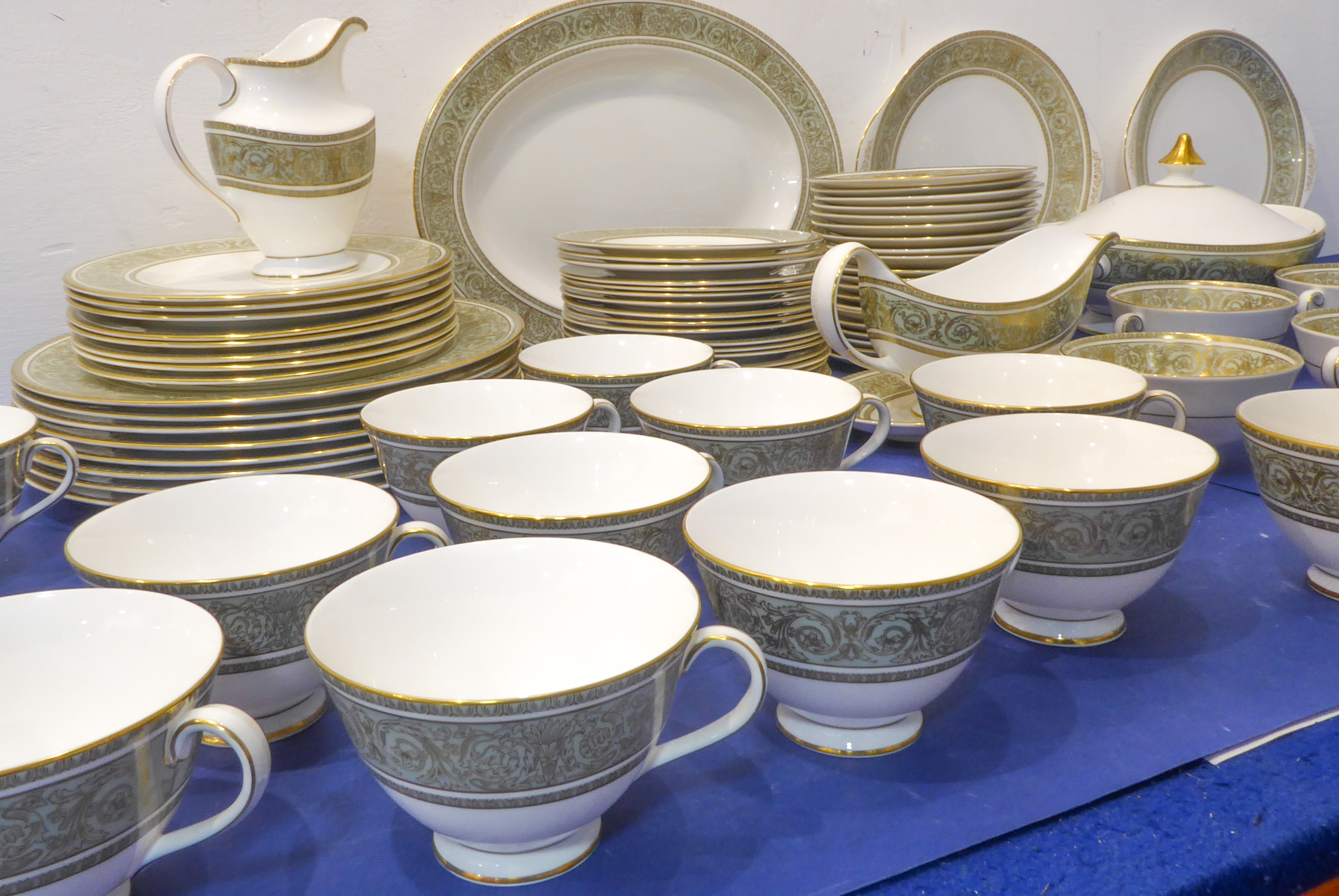 A Royal Doulton dinner / tea service in the English Renaissance pattern: 8 x 27cm and 20cm plates, - Image 3 of 8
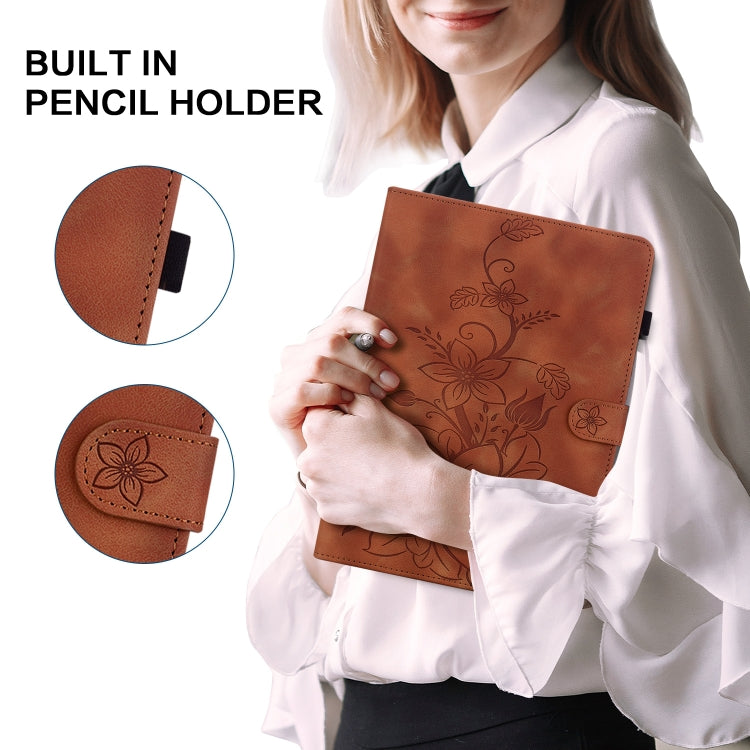 For Lenovo Tab K11 Plus Lily Embossed Leather Tablet Case(Brown) - Lenovo by PMC TechLife | Online Shopping South Africa | PMC TechLife | Buy Now Pay Later Mobicred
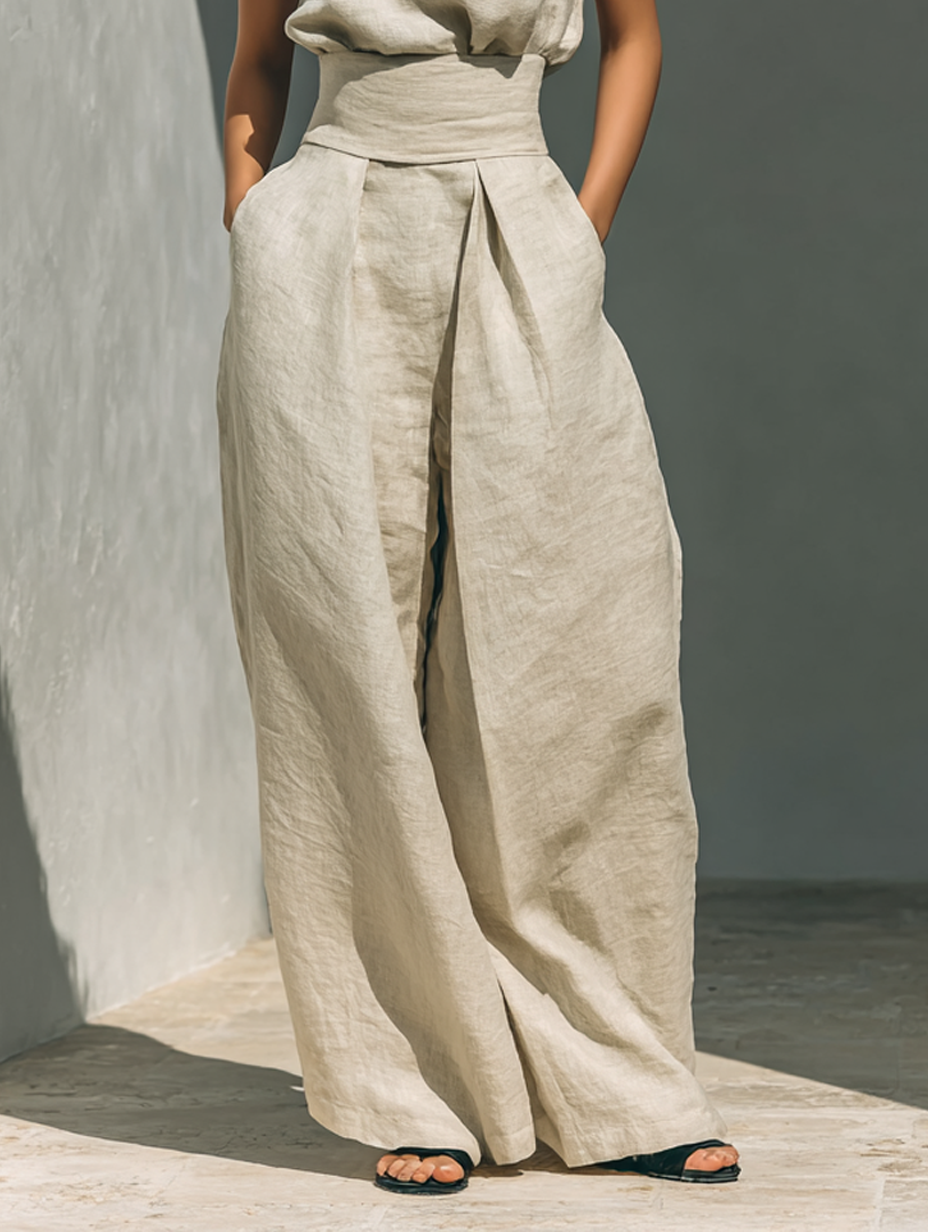 Conjunto de algodón y lino para mujer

○ ○ ○ ○ ○

Retype the data in full. Images do not go in the copy.

 A Royal Doulton dinner / tea service in the English Renaissance pattern: 8 x 27cm and 20cm plates, - Image 3 of 8
 For Lenovo Tab K11 Plus Lily Embossed Leather Tablet Case(Brown) - Lenovo by PMC TechLife | Online Shopping South Africa | PMC TechLife | Buy Now Pay Later Mobicred
 Conjunto de algodón y lino para mujer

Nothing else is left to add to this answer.